The logic is simple here. How can anyone say that the only source of tyranny would come on the federal level? It is patently and provably FALSE! The tyranny the slaves lived under...Pardon me...Existed under was at the STATE level! Don't anyone give me the argument that the slaves were not considered to be people, either. Sodamn Hinsane didn't consider the Kurds as people. Sodamn Hinsane was a tyrant. Ipso facto! In my opinion, the
Cruikshank decision purposely avoided the application of the Second Amendment to the states because, in 1875, the SCOTUS didn't have the guts to force the states to adhere to the Constitution.

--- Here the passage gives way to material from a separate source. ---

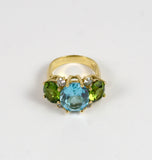 Large GUM DROP™ Ring with Blue Topaz Iolite and Diamonds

Further, the SCOTUS contradicted itself in Cruikshank in that it stated that the rights enumerated in the Constitution are preexisting to the Constitution but ignored the fact that those same rights are preexisting to the states as well! The illogic of this boggles my mind. How could the founding fathers have recognized the Right to Keep and Bear Arms, placed protection of it in the Constitution, and done so only as an academic exercise? Every citizen of this country is a citizen of a state. It is pure fallacy to claim a preexisting right, protected by the Constitution for the security of the people, cannot be protected from infringement by the states by that same Constitution that all states agreed to adhere to!
There is much more along these same lines, but space and time won't allow all of it to be printed here.
Woody
"I pledge allegiance to the rights that made and keep me free. I will preserve and defend those rights for all who live in this nation, founded on the belief and principles that those rights are inalienable and essential to the pursuit and preservation of life, liberty, and happiness." B.E.Wood
gc70 said:
The US Constitution defines: the structure of the national government; the powers given to the national government by the states; and, the powers denied to the national government. Some people thought 'natural' rights (i.e. freedom of speech) were so obvious and generally recognized that they did not have to be specifically mentioned in the US Constitution. Others insisted on the adoption of the Bill of Rights to spell out limits on the national government's ability to interfere with 'natural' rights.
Was it a faux pas or did you purposefully omit the fact that there are powers forbidden to the states in the Constitution?